Our outlook for monetary policy has not changed materially since our 2026 annual economic outlook. We continue to believe that monetary policy space for rate cuts across G10 economies is limited, and we expect only the Fed, Bank of England and Norges Bank to ease monetary policy this year. We see greater scope for easing in the emerging markets, and after a large minimum wage hike, we believe Colombia’s central bank can begin a tightening cycle at the upcoming January BanRep meeting.
The U.S. dollar has been mixed to start 2026; however, our views on currency markets and the U.S. dollar have not changed much. We continue to hold a bifurcated outlook on the dollar, and believe the greenback can experience more downside in early 2026 before experiencing a broad recovery starting in H2-2026. Amid an environment of broad dollar strength, we expect emerging market currencies to come under the most pressure and underperform.
Key themes
Global economic conditions were resilient in 2025, and we expect that resilience to carry over into 2026. Reduced uncertainty on trade and tariff policy should be supportive of activity, while a broad shift to accommodative fiscal and monetary policy should put a floor underneath global GDP growth. China's economy is also demonstrating tentative signs of stabilizing; however, we expect China to be the primary contributor to softer global GDP growth in 2026 relative to last year.
In the G10, central bank policy space for rate cuts remains limited, and in addition to the Fed, we expect only the Bank of England and Norges Bank to lower interest rates in 2026. Room for rate cuts is more present in the emerging markets, and we expect rates to be lowered across Asia and EMEA regions. On the other hand, clear divergences in the path for monetary policy and interest rates is apparent in Latin America as central banks respond to domestic economic and markets conditions as opposed to global trends.
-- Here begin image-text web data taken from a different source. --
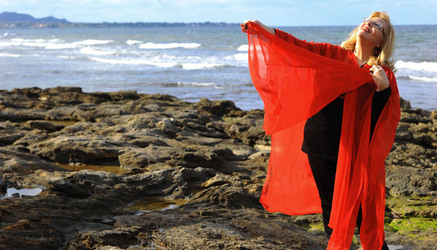 SARA FAVARO attrice e scrittrice italiana. Fotografie di Giulio Azzarello &copy;2015 2016.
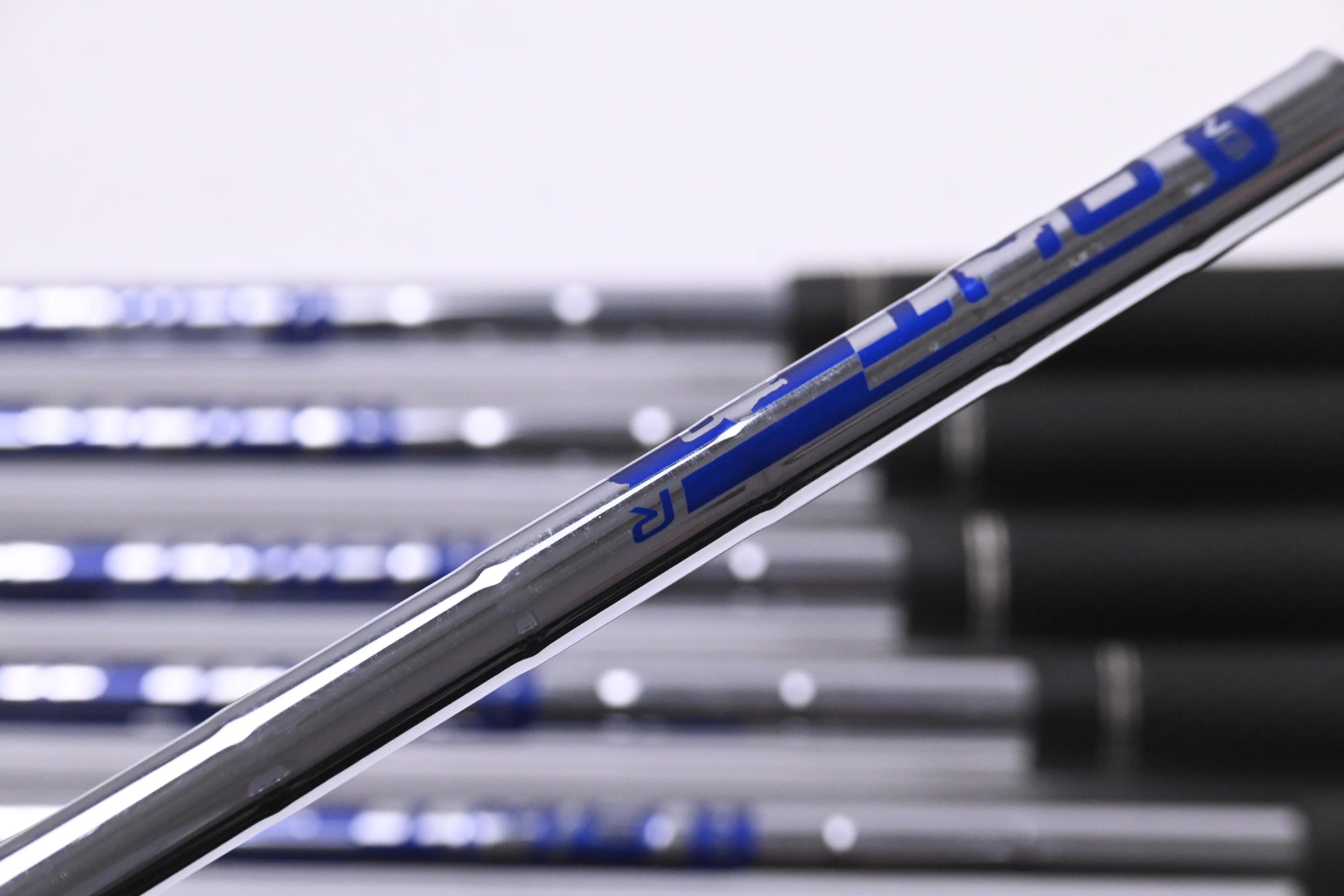 Ping G425 Irons / 5-PW / White Dot / Regular Flex Ping AWT 2.0 Shafts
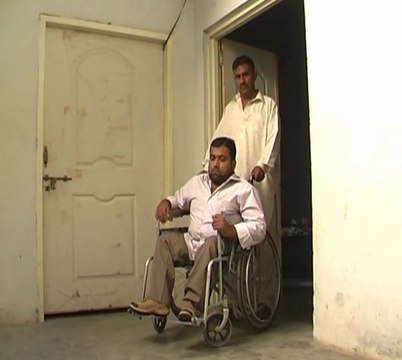 sarai alamgir arshad sina 2no tango se mazoor 10 pass gharib nojwan nokari ki talash mein srgarda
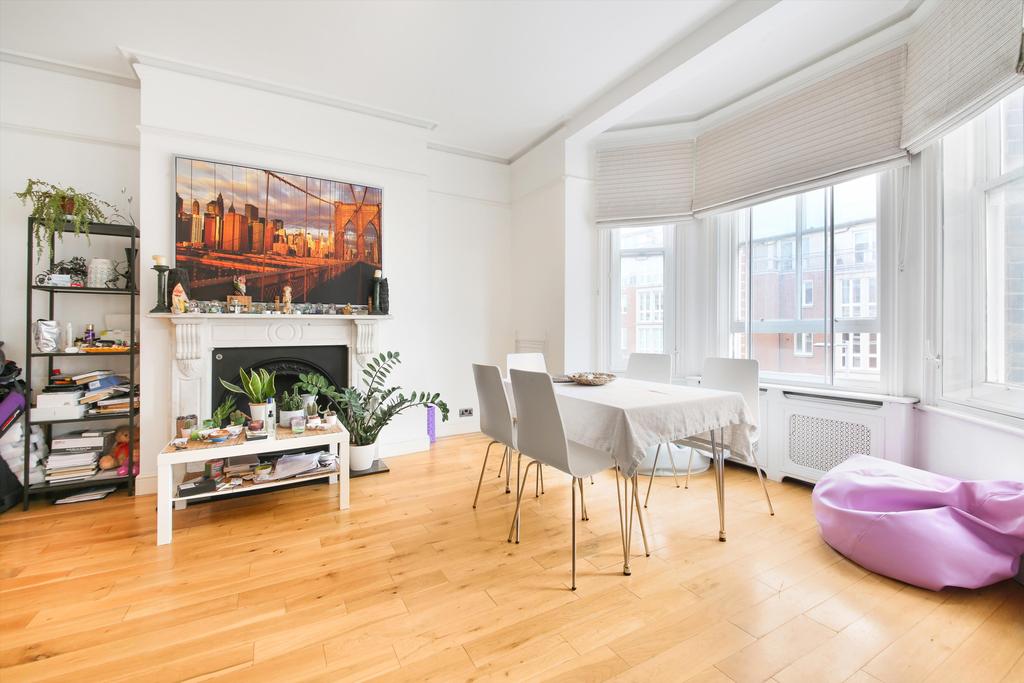 Hereford House, Fulham Road, Chelsea, London, SW10 2 bed flat £1,993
Dollar depreciation has been a theme for the past 12 months, and in our view, a Fed still in easing mode and softening U.S. economic trends can contribute additional downside to the greenback. We do, however, believe the dollar can rebound starting in the second half of this year as the Fed's easing cycle ends, and when the dollar recovers, emerging market currencies may be at risk as EM FX may be at levels disconnected from underlying fundamentals.